Please copy each line of the listing below precisely, excluding the images.

## [Information shown]

###

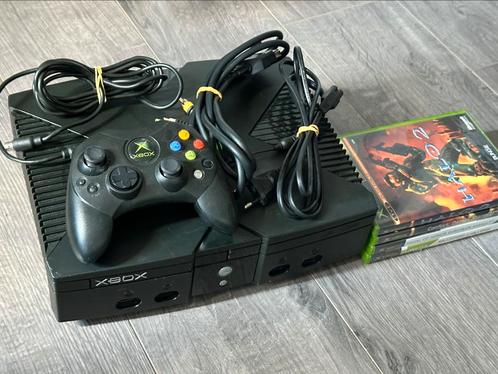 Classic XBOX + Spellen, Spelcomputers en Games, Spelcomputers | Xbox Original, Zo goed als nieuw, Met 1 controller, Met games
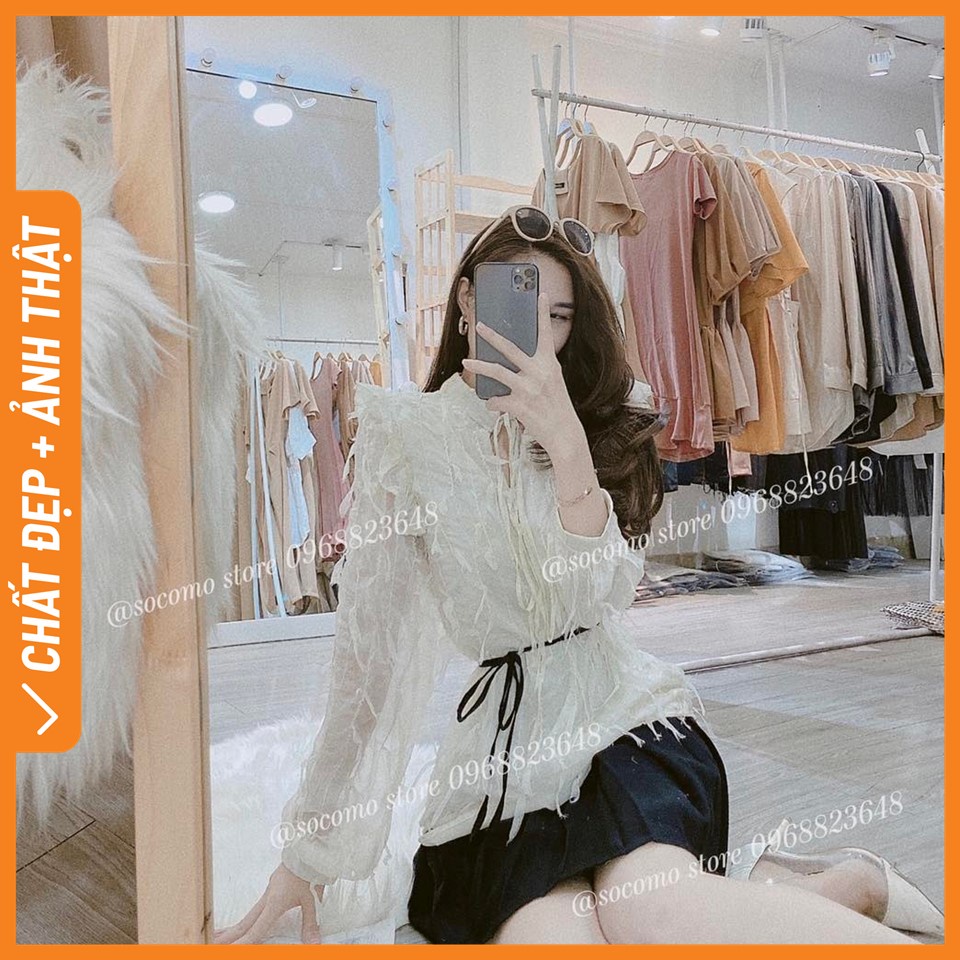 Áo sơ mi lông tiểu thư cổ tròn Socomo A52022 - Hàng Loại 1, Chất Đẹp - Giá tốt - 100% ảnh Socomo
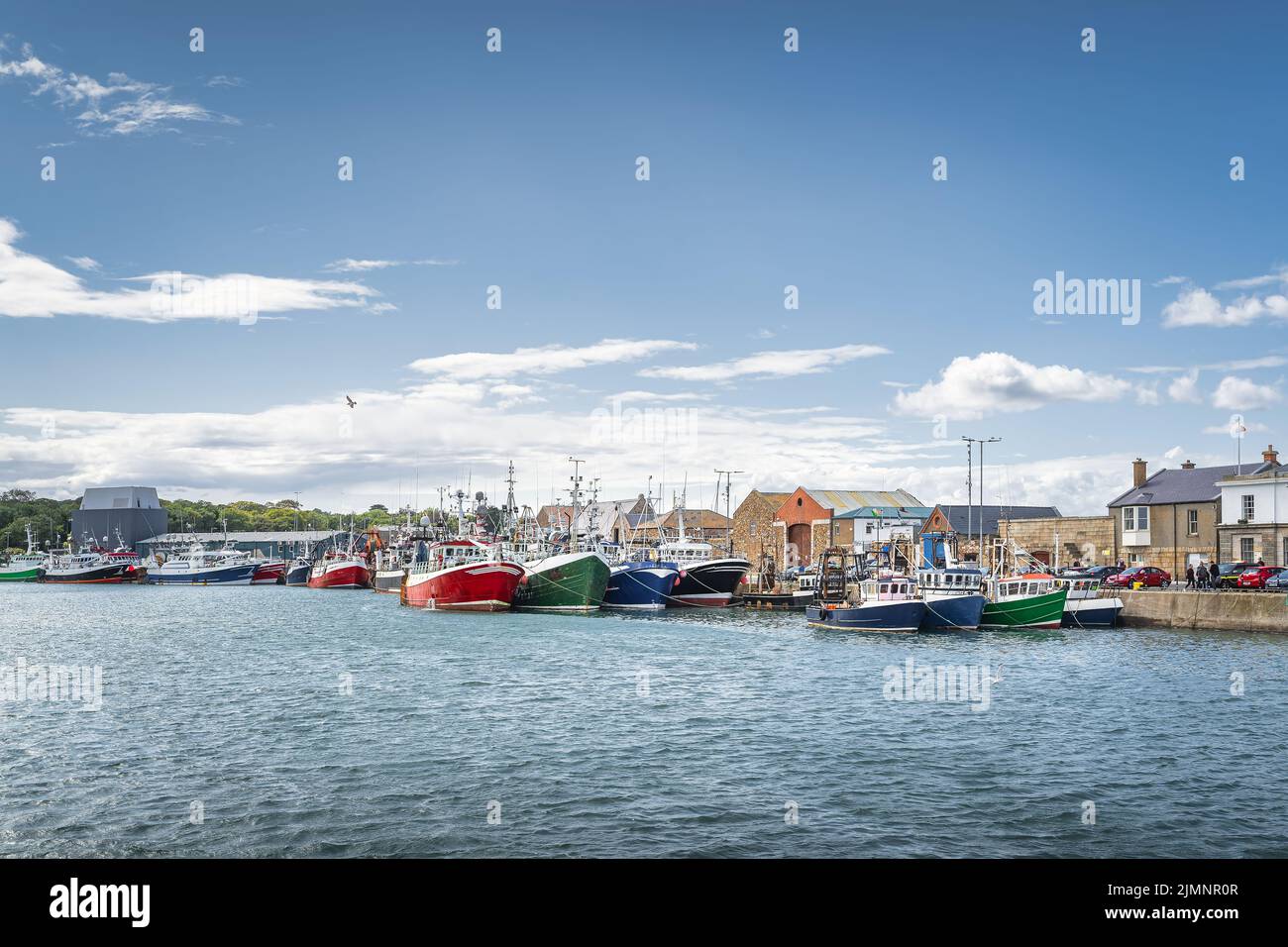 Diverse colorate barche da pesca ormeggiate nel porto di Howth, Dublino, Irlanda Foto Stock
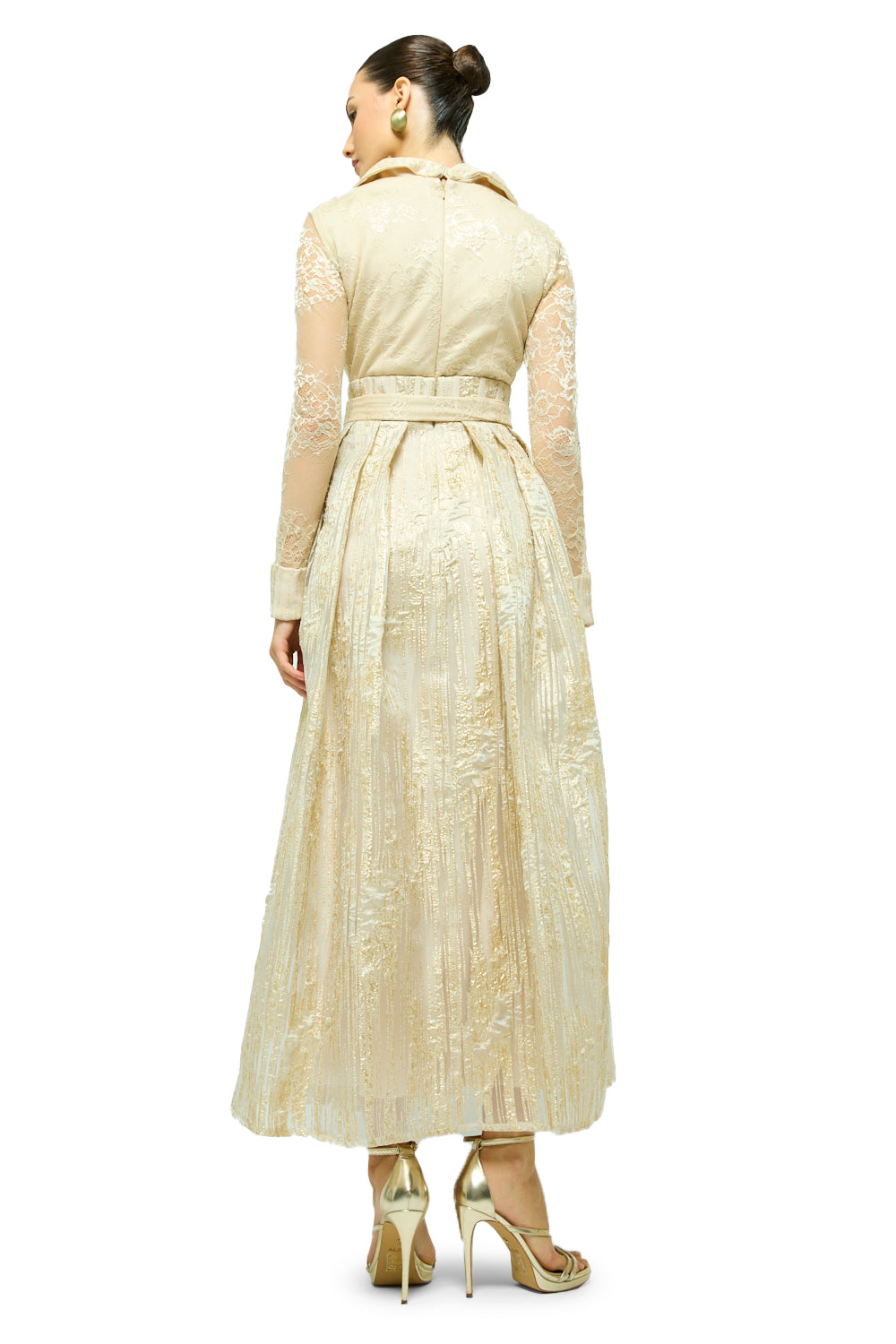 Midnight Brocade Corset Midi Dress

###

## [Output for this task]
 Classic XBOX + Spellen, Spelcomputers en Games, Spelcomputers | Xbox Original, Zo goed als nieuw, Met 1 controller, Met games
 Áo sơ mi lông tiểu thư cổ tròn Socomo A52022 - Hàng Loại 1, Chất Đẹp - Giá tốt - 100% ảnh Socomo
 Diverse colorate barche da pesca ormeggiate nel porto di Howth, Dublino, Irlanda Foto Stock
 Midnight Brocade Corset Midi Dress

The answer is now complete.